• Your instructions: Copy exactly, please, the lines of the data from its start through the line containing "Напольный коврик hedgehog".

• Material for the task:
= = =

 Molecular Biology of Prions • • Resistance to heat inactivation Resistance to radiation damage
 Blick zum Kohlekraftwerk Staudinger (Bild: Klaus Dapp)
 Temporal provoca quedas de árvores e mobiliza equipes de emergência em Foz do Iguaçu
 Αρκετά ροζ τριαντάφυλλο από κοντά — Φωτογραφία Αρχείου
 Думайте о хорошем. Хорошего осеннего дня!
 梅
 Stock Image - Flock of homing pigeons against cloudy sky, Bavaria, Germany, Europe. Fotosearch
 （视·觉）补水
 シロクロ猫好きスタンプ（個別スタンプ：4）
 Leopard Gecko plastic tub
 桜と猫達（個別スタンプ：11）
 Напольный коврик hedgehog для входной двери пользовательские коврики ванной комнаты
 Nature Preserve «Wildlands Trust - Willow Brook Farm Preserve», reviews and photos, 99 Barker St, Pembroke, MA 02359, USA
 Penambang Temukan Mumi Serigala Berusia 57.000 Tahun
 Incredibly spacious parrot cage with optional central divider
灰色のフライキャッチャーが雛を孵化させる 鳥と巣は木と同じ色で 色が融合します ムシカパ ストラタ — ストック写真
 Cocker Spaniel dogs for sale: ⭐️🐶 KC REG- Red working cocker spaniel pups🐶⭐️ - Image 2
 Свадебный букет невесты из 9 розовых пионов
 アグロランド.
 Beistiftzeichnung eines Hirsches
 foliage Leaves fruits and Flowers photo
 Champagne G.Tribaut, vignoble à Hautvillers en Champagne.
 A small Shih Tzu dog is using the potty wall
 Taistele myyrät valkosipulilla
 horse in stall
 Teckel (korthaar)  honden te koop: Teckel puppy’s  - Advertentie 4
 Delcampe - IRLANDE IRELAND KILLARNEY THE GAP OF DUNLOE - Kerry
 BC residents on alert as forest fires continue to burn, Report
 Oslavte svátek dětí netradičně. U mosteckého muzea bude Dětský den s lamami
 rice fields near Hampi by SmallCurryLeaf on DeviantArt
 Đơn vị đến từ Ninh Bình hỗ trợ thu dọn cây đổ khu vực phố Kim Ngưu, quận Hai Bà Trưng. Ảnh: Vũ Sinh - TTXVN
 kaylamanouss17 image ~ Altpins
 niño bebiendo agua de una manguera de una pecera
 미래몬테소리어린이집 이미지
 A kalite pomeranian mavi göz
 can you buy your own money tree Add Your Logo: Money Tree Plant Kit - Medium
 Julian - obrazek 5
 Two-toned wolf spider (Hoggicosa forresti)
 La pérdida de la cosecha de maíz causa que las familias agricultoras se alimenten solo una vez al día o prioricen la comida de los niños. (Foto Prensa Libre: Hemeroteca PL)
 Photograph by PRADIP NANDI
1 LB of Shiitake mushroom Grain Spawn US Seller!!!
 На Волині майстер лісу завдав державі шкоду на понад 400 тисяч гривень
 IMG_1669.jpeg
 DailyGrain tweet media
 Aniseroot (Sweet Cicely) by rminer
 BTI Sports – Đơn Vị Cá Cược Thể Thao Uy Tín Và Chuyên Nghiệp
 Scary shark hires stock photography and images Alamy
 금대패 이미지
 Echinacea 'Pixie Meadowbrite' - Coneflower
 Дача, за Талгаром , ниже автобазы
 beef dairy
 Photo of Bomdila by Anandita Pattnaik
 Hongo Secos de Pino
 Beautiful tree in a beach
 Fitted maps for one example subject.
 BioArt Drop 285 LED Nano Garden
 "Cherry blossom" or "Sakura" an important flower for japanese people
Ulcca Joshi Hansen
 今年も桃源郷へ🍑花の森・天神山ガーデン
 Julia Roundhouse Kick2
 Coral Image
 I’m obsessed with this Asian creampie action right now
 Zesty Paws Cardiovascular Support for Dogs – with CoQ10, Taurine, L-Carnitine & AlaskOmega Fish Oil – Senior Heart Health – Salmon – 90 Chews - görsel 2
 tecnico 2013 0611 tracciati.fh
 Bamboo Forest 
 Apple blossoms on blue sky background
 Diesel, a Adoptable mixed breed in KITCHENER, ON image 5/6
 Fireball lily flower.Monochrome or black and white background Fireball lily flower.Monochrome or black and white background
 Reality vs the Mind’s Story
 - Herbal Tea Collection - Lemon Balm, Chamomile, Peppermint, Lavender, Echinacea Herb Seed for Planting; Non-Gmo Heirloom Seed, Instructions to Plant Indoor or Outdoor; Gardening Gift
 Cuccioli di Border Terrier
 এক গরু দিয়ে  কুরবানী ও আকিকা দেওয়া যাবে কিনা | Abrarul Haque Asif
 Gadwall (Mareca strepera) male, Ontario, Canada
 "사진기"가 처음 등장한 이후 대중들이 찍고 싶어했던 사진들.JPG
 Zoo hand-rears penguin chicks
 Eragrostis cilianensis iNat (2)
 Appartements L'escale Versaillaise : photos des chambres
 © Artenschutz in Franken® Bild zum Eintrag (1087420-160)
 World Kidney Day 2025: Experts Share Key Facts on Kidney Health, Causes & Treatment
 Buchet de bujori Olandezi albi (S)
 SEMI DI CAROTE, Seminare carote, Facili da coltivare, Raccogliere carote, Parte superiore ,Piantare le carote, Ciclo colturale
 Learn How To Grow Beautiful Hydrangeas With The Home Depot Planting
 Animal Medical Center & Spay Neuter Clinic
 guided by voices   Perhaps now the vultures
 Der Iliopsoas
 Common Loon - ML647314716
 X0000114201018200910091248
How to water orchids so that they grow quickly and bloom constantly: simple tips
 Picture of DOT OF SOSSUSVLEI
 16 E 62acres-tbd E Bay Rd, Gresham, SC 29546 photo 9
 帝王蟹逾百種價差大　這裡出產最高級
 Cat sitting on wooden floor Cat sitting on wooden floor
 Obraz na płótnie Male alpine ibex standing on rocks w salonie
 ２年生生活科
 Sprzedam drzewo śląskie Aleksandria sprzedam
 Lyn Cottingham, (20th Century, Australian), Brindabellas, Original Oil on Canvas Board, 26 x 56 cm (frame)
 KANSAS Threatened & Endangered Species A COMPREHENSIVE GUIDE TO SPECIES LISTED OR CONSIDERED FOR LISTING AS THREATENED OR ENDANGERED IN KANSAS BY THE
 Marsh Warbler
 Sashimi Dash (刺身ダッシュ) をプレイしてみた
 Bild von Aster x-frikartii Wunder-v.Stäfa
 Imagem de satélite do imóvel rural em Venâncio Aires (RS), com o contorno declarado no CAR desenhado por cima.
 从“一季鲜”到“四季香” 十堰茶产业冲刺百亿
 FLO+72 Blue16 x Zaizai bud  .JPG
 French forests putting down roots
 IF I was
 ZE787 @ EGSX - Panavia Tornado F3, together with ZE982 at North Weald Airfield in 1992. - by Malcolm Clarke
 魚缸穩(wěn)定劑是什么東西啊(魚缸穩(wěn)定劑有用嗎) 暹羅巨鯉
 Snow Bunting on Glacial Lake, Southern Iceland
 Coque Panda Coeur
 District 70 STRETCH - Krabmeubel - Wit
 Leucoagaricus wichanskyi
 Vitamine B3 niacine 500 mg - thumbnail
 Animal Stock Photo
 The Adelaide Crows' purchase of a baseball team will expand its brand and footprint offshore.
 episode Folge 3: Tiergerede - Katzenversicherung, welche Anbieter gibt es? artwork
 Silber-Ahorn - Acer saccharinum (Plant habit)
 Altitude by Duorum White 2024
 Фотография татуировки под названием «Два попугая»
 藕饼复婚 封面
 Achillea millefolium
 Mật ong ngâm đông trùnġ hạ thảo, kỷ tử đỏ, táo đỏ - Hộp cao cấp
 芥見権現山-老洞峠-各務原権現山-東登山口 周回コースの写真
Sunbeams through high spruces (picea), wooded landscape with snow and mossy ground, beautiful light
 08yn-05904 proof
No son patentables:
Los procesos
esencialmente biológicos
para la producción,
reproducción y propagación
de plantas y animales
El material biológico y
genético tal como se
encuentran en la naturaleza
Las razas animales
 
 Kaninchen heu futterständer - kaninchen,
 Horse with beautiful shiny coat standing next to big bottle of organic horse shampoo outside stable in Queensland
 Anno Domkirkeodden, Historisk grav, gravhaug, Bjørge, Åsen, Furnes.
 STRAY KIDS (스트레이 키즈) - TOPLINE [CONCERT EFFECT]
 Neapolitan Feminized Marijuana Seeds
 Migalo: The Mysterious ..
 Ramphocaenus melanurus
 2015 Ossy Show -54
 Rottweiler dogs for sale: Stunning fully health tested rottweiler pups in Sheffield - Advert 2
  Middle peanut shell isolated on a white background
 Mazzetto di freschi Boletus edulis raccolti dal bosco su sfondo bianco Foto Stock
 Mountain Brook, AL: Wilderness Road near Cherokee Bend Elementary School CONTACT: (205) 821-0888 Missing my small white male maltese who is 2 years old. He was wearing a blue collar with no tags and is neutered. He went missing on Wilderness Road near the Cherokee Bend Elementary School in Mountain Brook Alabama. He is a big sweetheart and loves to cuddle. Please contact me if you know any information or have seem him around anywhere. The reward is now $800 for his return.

= = =

• Answer space:
 Molecular Biology of Prions • • Resistance to heat inactivation Resistance to radiation damage
 Blick zum Kohlekraftwerk Staudinger (Bild: Klaus Dapp)
 Temporal provoca quedas de árvores e mobiliza equipes de emergência em Foz do Iguaçu
 Αρκετά ροζ τριαντάφυλλο από κοντά — Φωτογραφία Αρχείου
 Думайте о хорошем. Хорошего осеннего дня!
 梅
 Stock Image - Flock of homing pigeons against cloudy sky, Bavaria, Germany, Europe. Fotosearch
 （视·觉）补水
 シロクロ猫好きスタンプ（個別スタンプ：4）
 Leopard Gecko plastic tub
 桜と猫達（個別スタンプ：11）
 Напольный коврик hedgehog для входной двери пользовательские коврики ванной комнаты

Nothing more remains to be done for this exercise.